* _Task instructions_
Find the line with "wiata do dyspozycji gości" in the listing below. Write it out exactly, along with every later line up to the final one.

•••

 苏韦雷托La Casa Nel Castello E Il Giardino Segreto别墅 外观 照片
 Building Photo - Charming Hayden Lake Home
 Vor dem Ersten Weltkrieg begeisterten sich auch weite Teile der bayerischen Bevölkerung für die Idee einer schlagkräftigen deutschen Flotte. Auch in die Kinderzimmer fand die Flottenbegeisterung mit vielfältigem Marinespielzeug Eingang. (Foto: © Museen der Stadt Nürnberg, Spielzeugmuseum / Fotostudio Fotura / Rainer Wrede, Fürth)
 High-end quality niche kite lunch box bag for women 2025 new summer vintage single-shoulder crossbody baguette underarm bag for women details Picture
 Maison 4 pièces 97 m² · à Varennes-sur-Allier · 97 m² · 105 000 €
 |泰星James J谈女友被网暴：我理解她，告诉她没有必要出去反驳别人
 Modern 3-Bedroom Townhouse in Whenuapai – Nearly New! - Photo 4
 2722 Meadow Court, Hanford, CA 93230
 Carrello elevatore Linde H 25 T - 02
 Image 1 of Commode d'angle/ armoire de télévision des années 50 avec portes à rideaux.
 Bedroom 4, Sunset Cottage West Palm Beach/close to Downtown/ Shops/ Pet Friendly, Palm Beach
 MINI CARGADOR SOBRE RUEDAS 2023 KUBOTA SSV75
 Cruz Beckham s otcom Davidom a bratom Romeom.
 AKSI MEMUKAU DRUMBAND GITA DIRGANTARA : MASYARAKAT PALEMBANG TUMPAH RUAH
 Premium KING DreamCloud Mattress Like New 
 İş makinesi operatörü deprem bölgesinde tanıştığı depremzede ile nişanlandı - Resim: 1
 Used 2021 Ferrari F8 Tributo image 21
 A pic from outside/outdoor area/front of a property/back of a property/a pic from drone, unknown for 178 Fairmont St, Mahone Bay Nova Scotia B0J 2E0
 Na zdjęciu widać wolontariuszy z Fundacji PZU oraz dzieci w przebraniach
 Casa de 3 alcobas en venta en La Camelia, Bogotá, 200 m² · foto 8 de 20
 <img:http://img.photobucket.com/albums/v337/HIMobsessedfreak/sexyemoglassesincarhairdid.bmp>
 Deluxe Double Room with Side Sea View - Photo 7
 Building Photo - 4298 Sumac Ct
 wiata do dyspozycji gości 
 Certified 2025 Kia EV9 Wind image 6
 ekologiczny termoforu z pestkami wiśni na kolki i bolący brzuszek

•••

* _Task output_
 wiata do dyspozycji gości 
 Certified 2025 Kia EV9 Wind image 6
 ekologiczny termoforu z pestkami wiśni na kolki i bolący brzuszek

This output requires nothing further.